PROVIDED DATA:
-- Opening Marker --
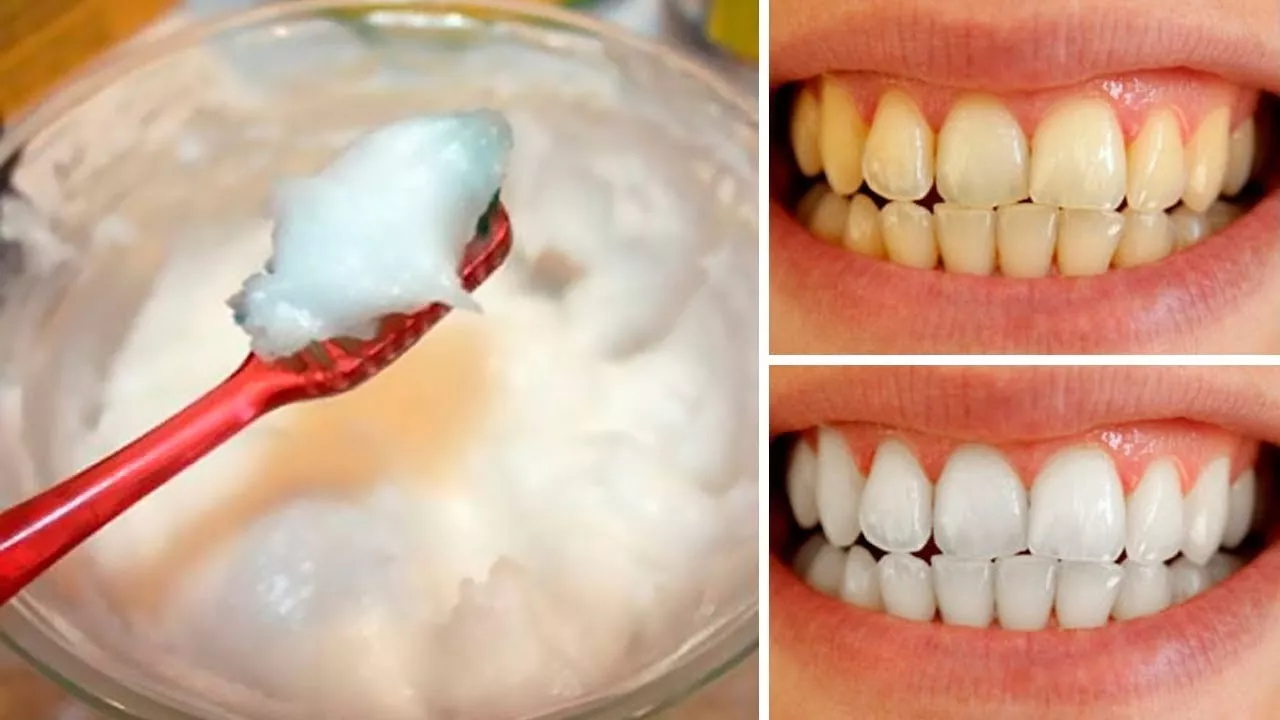 Como Clarear Naturalmente seus Dentes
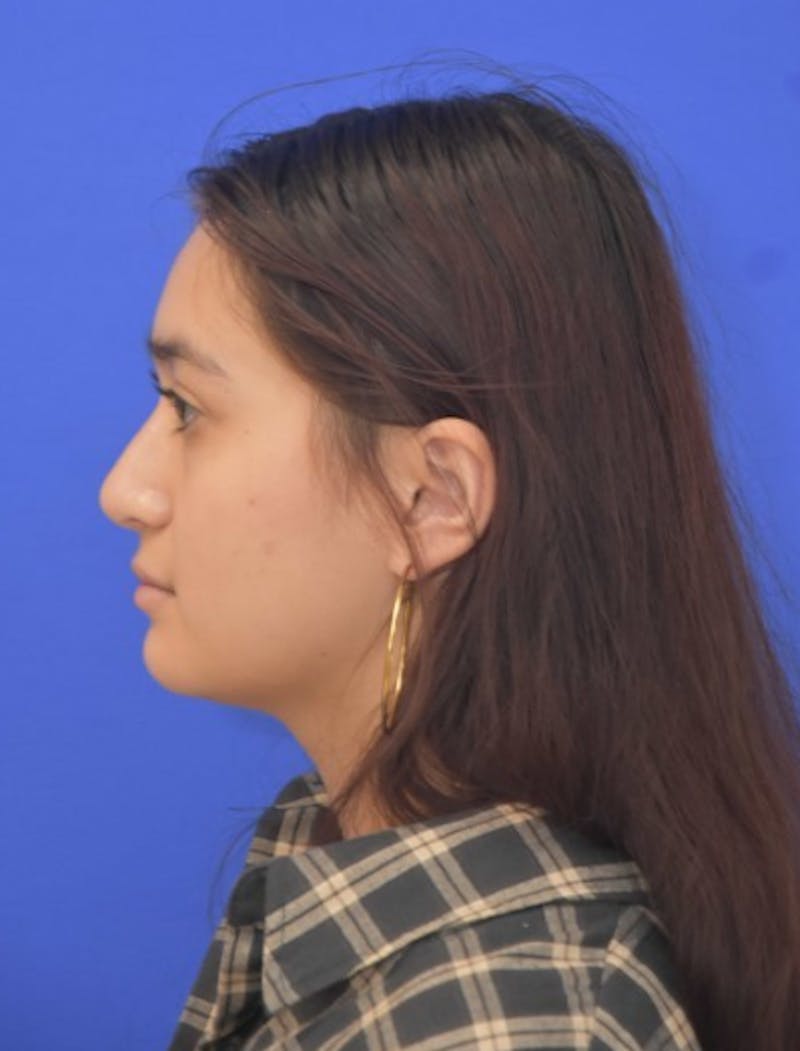 Rhinoplasty Before & After Gallery - Patient 330539 - Image 8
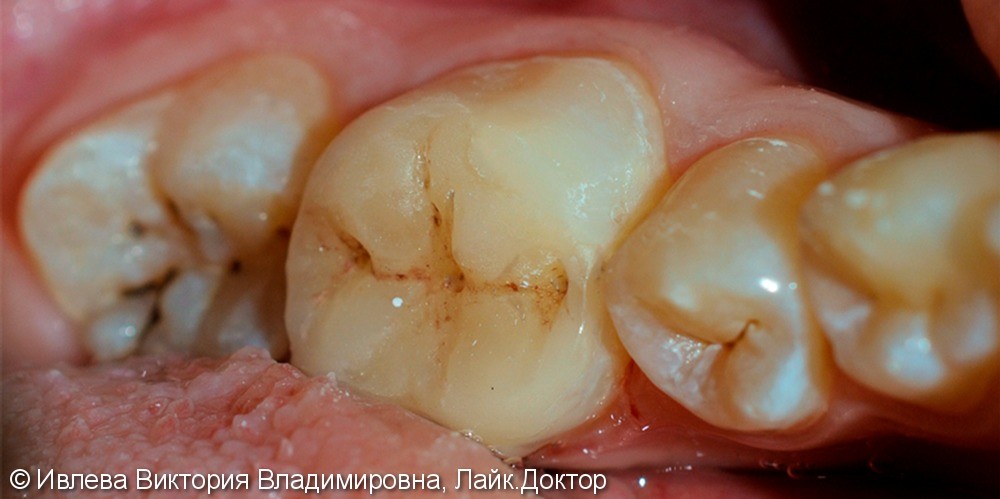 Лечение глубокого кариеса зуба 3.6, до и после лечения - фото №2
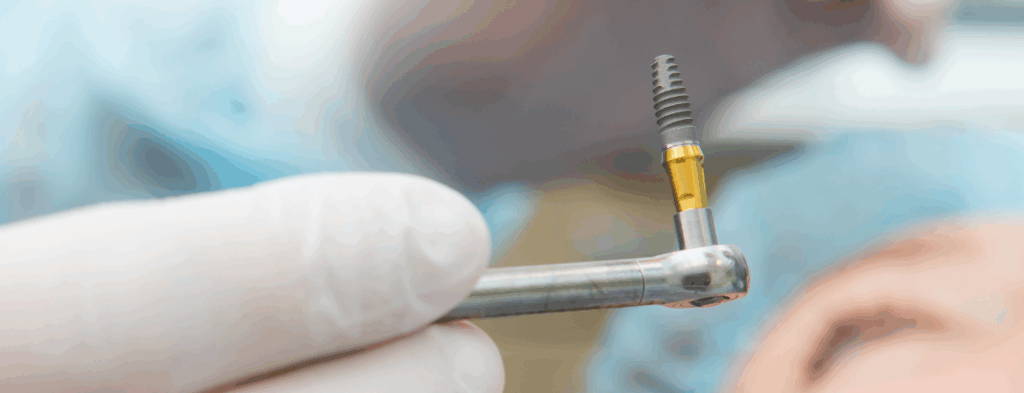 インプラント治療とは｜うめおか歯科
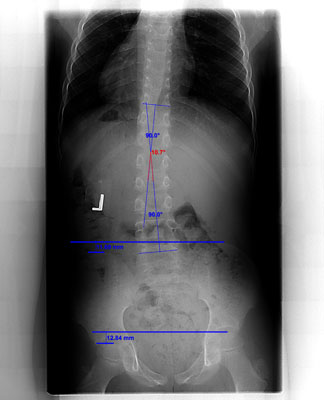 Christian_Pailadiino_XRAY2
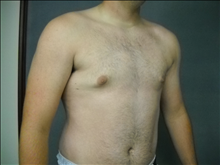 Male Breast Reduction After Photo by Ellen Janetzke, MD; Bloomfield Hills, MI - Case 23950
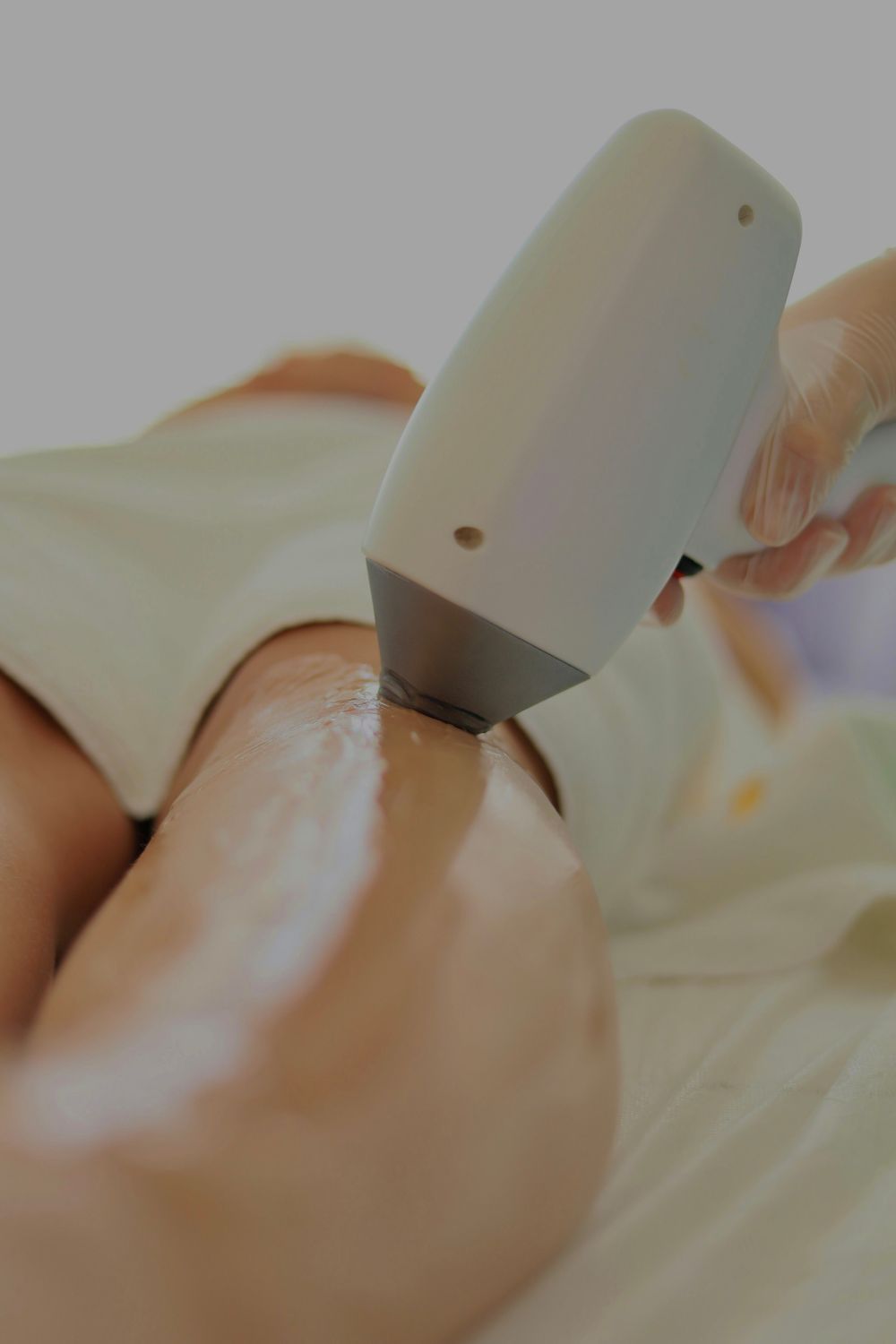 Close-up of laser hair removal procedure.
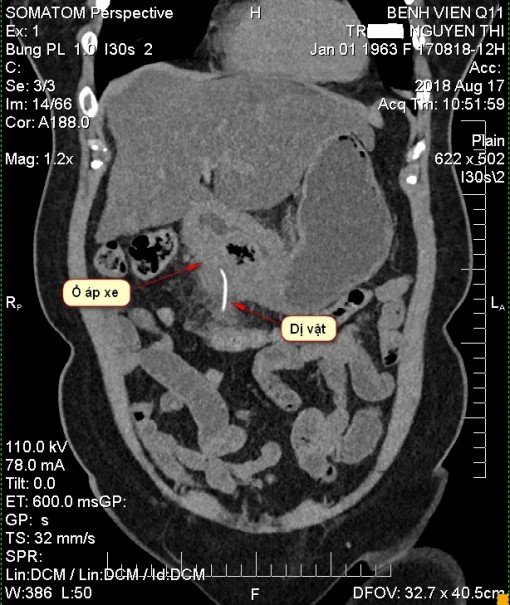 Người phụ nữ suýt tử vong vì xương cá mưng mủ trong dạ dày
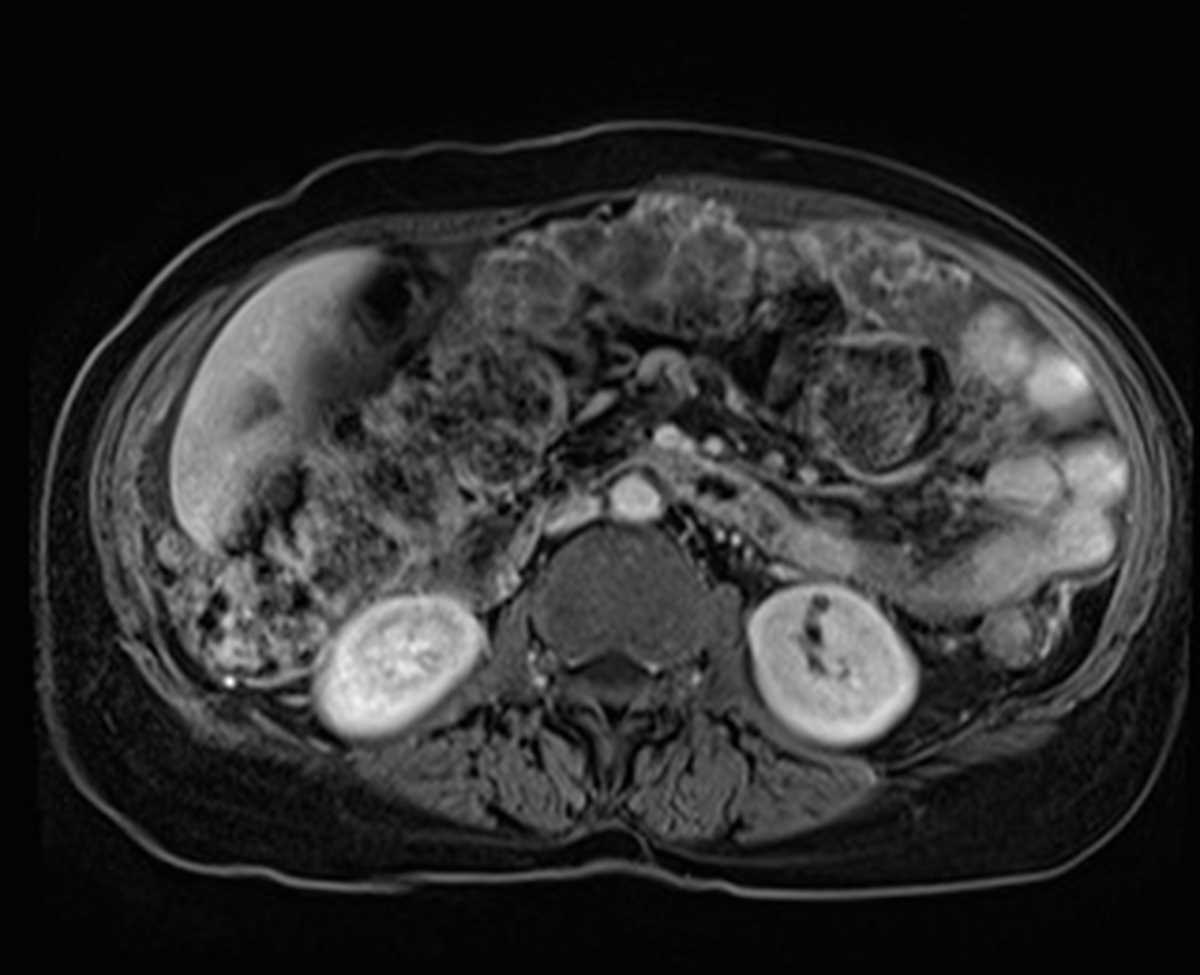 Peritoneal carcinomatosis - CTisus CT Scan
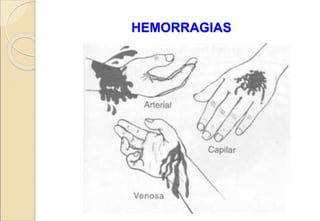 HEMORRAGIAS
 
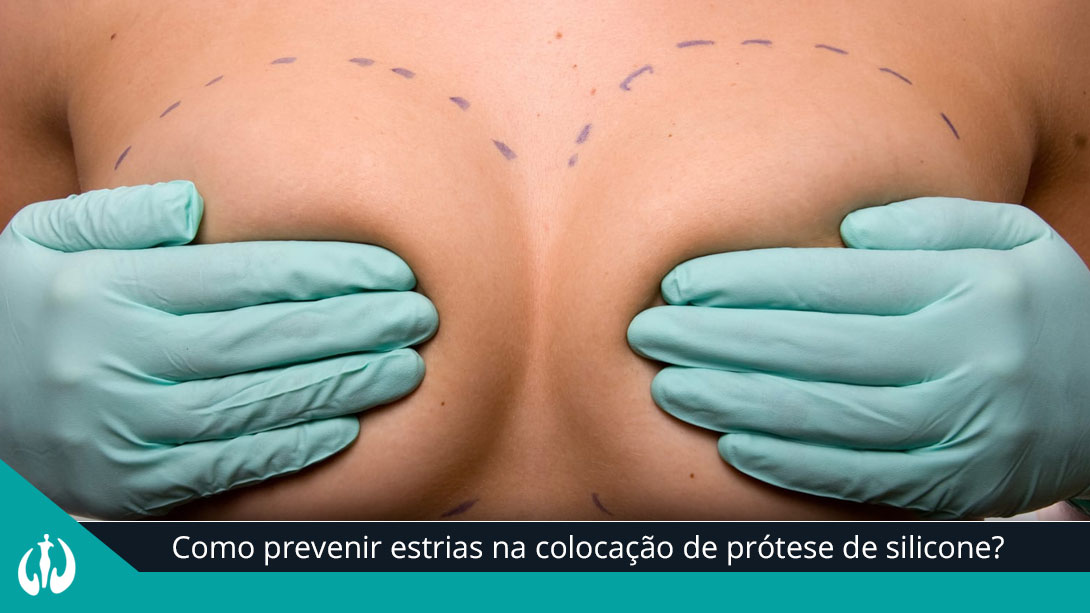 Como prevenir estrias na colocação de prótese de silicone?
-- Closing Marker --
WORK TASK:
In the entries above, which lines run from the one with "Christian_Pailadiino_XRAY2" up to and including the one with "HEMORRAGIAS"? Write them out exactly, without the pictures.

YOUR SOLUTION:
 Christian_Pailadiino_XRAY2
 Male Breast Reduction After Photo by Ellen Janetzke, MD; Bloomfield Hills, MI - Case 23950
 Close-up of laser hair removal procedure.
 Người phụ nữ suýt tử vong vì xương cá mưng mủ trong dạ dày
 Peritoneal carcinomatosis - CTisus CT Scan
 HEMORRAGIAS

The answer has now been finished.